Bettina Damiani of Good Jobs New York offered testimony at a 5/26/05 City Council meeting that was ignored at the time. She raised questions about transparency:
The negotiations surrounding the development of the BAY project have been marked by secrecy, with elected officials providing privileged access to one developer for the site. Rather than working with local stakeholders to create a vision for community-driven development and then issuing a Request For Proposals (RFP) to locate the developer that can best meet those community needs, the city instead chose to pursue one idea – that of a sports arena coupled with a prime residential real estate opportunity – that fails to take many local concerns into account and partnering with one development company, Forest City Ratner Company (FCRC), to put that idea into action. Unsurprisingly, this process has contributed to a fragmentation of community responses, as some groups have been able to work with the “designated developer” to advance their concerns while others have not.
And she raised a red flag about the CBA:
As a sponsored project of Good Jobs First, which provided support for the CBAs negotiated in California and continues to act as a clearinghouse for information on CBAs, we feel it is important to draw the Council’s attention to several major differences between CBAs as they have been used in other parts of the country and the series of negotiations that FCRC is calling a CBA. Perhaps the most striking is that elsewhere CBAs are negotiated by one broad coalition of groups that would otherwise oppose a project, a coalition that includes labor and community organizations representing a variety of interests. The coalition hammers out its points of unity in advance and then each member holds out on settling on its particular issue until the issues of the other members are addressed. This way, the bargaining power of each group is used for the benefit of the coalition as a whole. In the BAY case, several groups, all of which have publicly supported the project already, have each engaged in what seem to be separate negotiations on particular issues.

...We do not mean to say that negotiations on affordable housing and local hiring are without value. Housing and jobs are among the most important reasons to pursue development projects of any kind.
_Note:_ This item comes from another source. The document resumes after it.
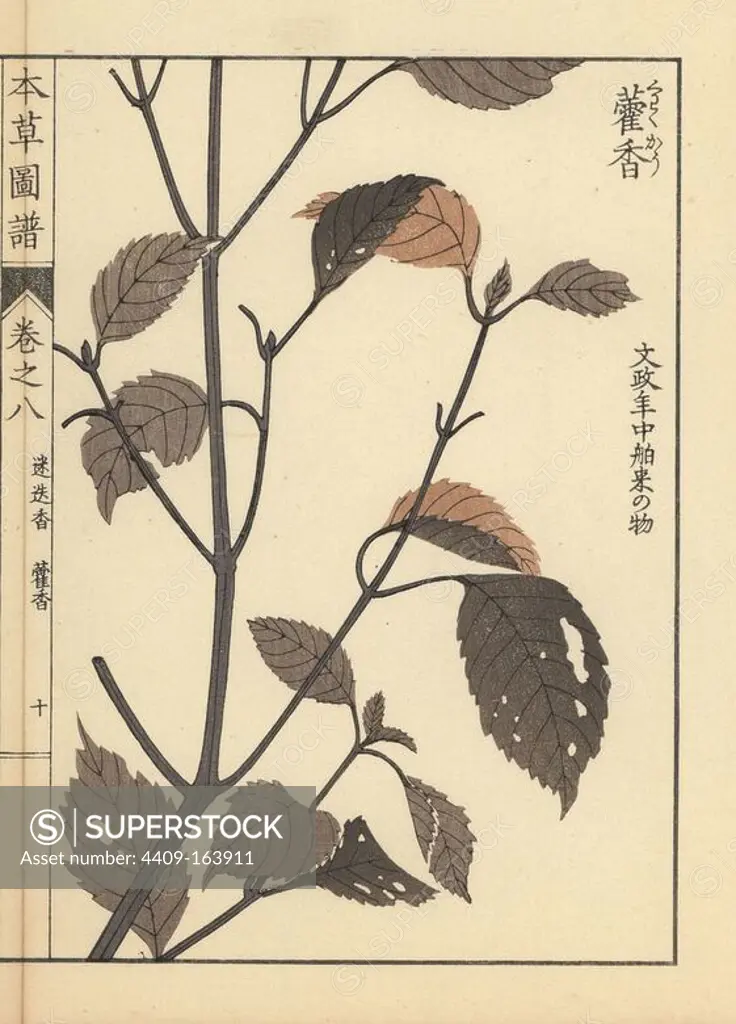 Lophanthus sp. Colour-printed woodblock engraving by Kan'en Iwasaki from "Honzo Zufu," an Illustrated Guide to Medicinal Plants, Japan, 1884. Iwasaki (1786-1842) was a Japanese botanist, entomologist and zoologist. He was one of the first Japanese botanists to incorporate western knowledge into his studies.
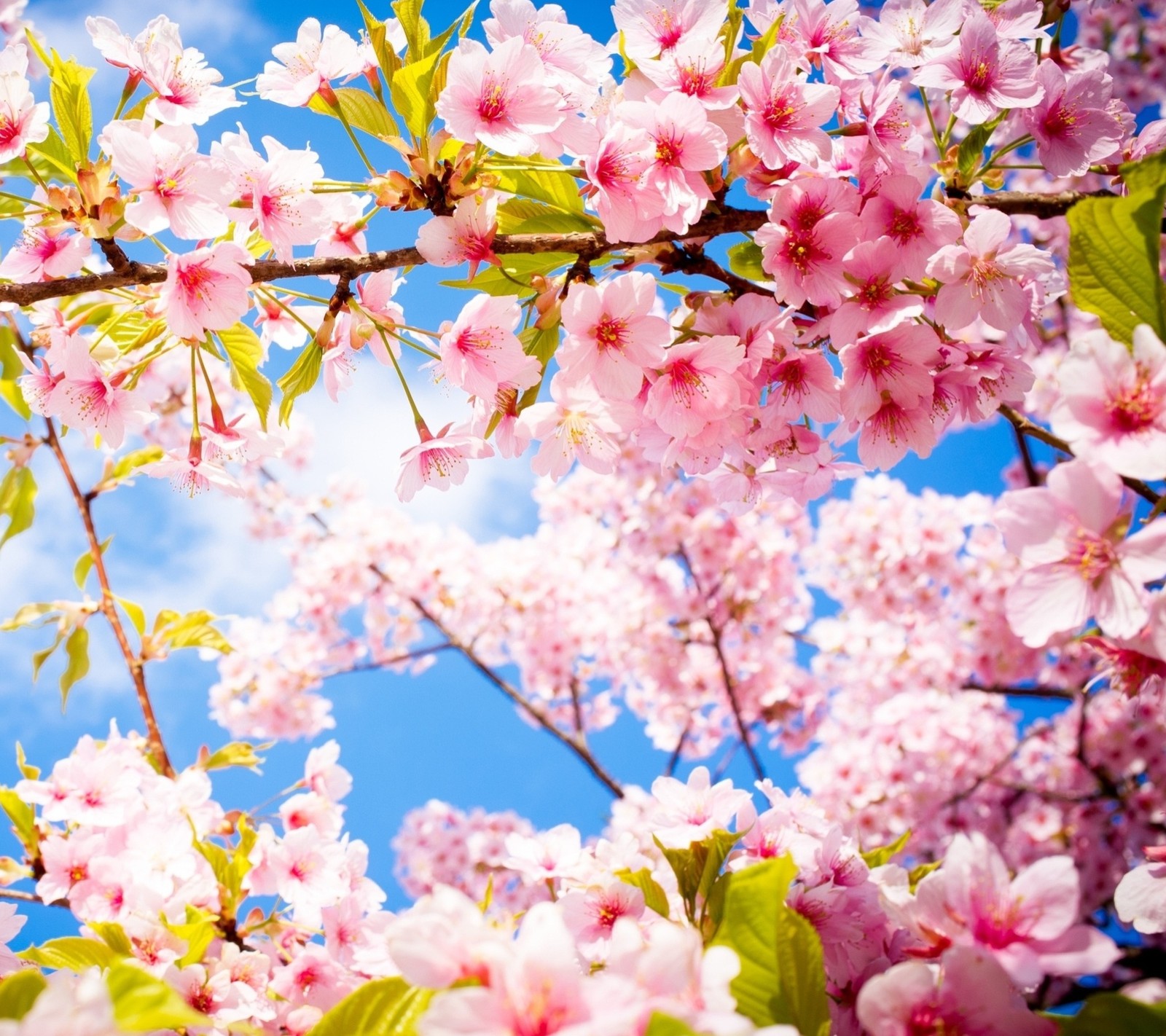 Um close em uma árvore com flores rosas e folhas verdes (flores, primavera)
However, to use the “CBA” model set forth by the landmark STAPLES Center agreement in Los Angeles for a series of non-binding side agreements between already-supportive community groups and a developer can only set a low bar for future attempts to negotiate for broad-based benefits from major development projects. Without broad, cross-cutting organizing, such “CBAs” can become a mechanism for dividing the community rather than uniting it, and devolve into a mere publicity tool for developers of controversial projects.
The bigger picture

Lobbyist Richard Lipsky suggested that Manhattan District Attorney's investigation of Mayor Mike Bloomberg's $750,000 personal campaign contribution to the state Independence Party was bigger news than the Seabrook indictment:
It's time that our local media understand that the living large style of personal and charitable spending-self aggrandizement at its finest-that has characterized the Bloomberg era is as big a threat to democratic process as the sleazy activities of, say, a council member such as Larry Seabrook who was accused yesterday of money laundering. In fact, it is actually greater since it transcends one individual and tends to thoroughly corrupt the entire system.